Provided records Block Start
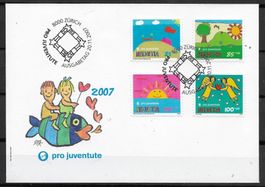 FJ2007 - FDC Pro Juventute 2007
Provided records Block End
Provided records Block Start
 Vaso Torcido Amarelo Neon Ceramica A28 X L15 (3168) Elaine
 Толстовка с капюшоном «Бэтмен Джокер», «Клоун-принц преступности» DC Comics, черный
Provided records Block End
Provided records Block Start
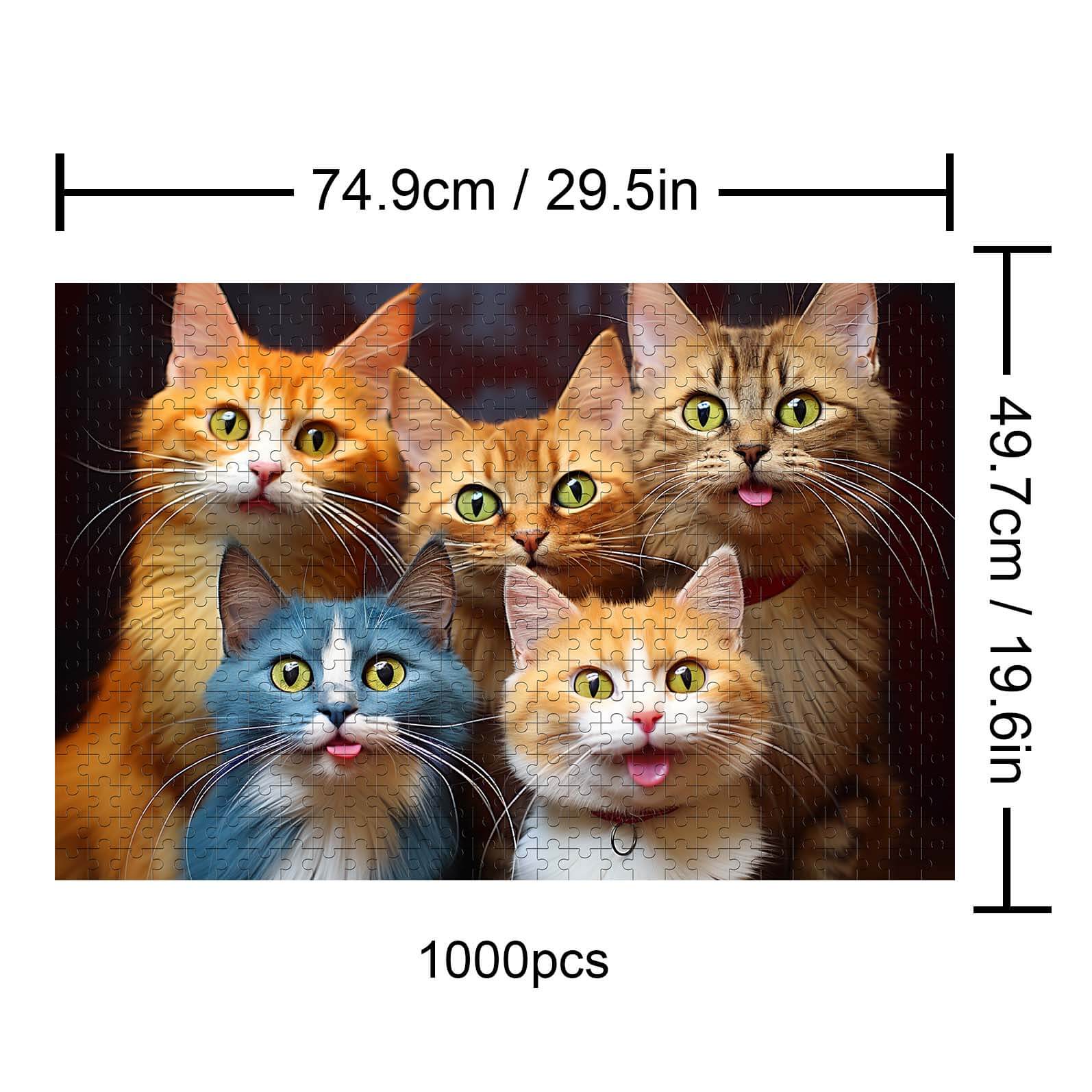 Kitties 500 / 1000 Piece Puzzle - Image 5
Provided records Block End
Everything above from the line containing "Vaso Torcido Amarelo" down to the line containing "Толстовка с капюшоном" is to be transcribed exactly, with both of those lines included and nothing else added.

Completed exercise =>
 Vaso Torcido Amarelo Neon Ceramica A28 X L15 (3168) Elaine
 Толстовка с капюшоном «Бэтмен Джокер», «Клоун-принц преступности» DC Comics, черный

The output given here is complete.